Money is also important, naturally. The P.U.L.S. artists do not have the same sums of money as the other Toneelhuis makers. They are each given a total budget for the four years, which they can divide up as they wish, in consultation with Toneelhuis. We assume that their first productions will be smaller and therefore require less money and that the last one, the large-stage production in the 2020–2021 season, will be the most expensive by far. In practice, it remains desirable and sometimes even necessary to have coproducers. The P.U.L.S. artists search for coproducers themselves, supported by Toneelhuis of course. This is good for their network and increases opportunities for distributing their shows. This production budget does not cover the wages of an artist or items such as publicity and bookkeeping, which fall under the general activities of Toneelhuis. So the production budgets are entirely devoted to the creative process.

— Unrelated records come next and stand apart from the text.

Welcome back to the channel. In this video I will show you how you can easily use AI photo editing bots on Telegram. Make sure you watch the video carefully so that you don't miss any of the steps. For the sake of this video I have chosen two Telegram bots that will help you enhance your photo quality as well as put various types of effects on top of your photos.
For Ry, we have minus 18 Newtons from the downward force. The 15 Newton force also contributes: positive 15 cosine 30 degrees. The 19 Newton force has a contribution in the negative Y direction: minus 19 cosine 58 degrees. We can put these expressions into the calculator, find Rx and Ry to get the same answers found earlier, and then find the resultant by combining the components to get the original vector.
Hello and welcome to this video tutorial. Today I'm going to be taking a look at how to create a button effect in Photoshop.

2. Working with the allies
Besides making their own work, the P.U.L.S. artists also spend considerable time working on big productions as trainees. This is where the allies come in. The new artists work as director’s assistants, dramaturges or production assistants in big productions by Fabre, Lauwers, Van Hove, Platel and Guy Cassiers. Obviously, the idea is not for them to copy that work or become imitators – they wouldn’t want to anyway – but to have the opportunity to see how these international artists deal with things and plan their approach. Artistic discussions between the P.U.L.S. artists and the allies are not imposed upon them. Whether or not they occur is up to the individuals themselves.
3. Workshops
Workshops are also part of the P.U.L.S. project. In sessions lasting from one to five days, we confront the P.U.L.S. artists with famous people from the world of theatre. Jan Fabre has already organized workshops with Peter Brook and Robert Wilson, while we ourselves are inviting Fabiana Piccolini and Eric Sleichim. The first is a renowned Italian lighting designer who has worked with Romeo Castellucci, Akram Khan and Guy Cassiers, among others; the second is a Belgian composer who has been working with Ivo Van Hove for ten years. A workshop on lighting or music combines the development of an artistic concept with insights into the technical aspects of a production. Working for the large stage demands a special kind of expertise.

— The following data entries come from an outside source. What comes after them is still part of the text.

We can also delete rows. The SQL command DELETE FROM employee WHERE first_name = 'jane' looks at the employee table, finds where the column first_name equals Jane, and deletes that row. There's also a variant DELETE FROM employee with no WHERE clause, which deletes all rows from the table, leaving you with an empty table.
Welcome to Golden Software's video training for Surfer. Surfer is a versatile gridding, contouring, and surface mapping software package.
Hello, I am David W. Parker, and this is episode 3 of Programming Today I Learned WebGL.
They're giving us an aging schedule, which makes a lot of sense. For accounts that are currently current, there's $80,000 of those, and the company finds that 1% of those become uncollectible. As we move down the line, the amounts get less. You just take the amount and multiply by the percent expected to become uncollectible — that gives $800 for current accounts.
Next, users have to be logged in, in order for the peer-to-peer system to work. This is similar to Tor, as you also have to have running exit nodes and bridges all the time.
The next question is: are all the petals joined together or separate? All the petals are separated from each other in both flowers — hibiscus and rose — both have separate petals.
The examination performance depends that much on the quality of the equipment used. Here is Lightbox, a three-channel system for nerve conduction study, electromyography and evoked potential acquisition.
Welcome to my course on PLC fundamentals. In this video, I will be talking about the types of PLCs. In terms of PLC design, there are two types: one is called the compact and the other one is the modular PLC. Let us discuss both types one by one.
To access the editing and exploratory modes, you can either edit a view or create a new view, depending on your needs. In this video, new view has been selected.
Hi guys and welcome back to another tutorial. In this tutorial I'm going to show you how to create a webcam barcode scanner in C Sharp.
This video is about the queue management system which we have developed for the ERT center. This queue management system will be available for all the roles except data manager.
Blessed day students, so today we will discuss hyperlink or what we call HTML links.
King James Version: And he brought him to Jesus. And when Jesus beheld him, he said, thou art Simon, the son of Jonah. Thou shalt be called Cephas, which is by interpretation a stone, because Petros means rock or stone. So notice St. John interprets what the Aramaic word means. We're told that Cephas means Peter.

That said, there is room for failure within P.U.LS. This should be part of every learning process, even if nowadays more and more emphasis is being placed on efficiency and fast returns. Maybe precisely because of that. Failure can be instructive and even beneficial, at least if it is allowed to happen. Failure is inherent to the artistic process.

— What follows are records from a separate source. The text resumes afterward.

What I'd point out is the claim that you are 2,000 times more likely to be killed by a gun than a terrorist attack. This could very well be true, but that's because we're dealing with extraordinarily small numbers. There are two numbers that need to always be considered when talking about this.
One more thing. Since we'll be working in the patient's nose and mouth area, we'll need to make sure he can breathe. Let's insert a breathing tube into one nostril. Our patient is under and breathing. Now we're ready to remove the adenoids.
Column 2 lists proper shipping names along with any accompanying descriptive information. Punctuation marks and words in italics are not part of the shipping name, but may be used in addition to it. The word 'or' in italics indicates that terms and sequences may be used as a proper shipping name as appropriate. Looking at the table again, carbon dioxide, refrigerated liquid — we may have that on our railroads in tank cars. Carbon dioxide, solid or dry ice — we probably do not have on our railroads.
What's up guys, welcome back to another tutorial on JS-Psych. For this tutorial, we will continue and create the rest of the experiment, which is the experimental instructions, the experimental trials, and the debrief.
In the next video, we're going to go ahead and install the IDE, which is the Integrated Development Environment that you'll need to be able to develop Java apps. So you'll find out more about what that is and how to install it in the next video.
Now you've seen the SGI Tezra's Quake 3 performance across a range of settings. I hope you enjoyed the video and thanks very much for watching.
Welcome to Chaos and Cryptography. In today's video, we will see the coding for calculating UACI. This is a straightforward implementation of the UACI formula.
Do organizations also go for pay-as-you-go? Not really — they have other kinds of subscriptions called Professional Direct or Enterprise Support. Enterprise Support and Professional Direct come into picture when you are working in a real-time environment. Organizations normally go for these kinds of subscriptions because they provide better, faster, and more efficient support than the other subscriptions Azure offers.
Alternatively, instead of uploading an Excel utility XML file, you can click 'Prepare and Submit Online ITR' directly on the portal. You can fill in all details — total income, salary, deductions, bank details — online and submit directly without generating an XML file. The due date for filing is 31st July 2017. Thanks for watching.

To offer interested outsiders insight into the progress of this trajectory, we have created a bilingual blog with reports in Dutch and English. The blog contains interviews, reviews of the artists’ shows, photos, schedules and related items. Four years from now, we hope to be able to present the history of an adventure that is impossible to foresee at this point. By then, we hope, Timeau De Keyser, Hannah De Meyer, Lisaboa Houbrechts and Bosse Provoost will all have become autonomous artists who have developed a theatre idiom of their own for large-scale productions. We hope that these artists will be able to work on that large scale in every possible area. We also hope that they will have increased the arsenal of artistic collaborators and accepted challenges of which they have not the faintest idea at present.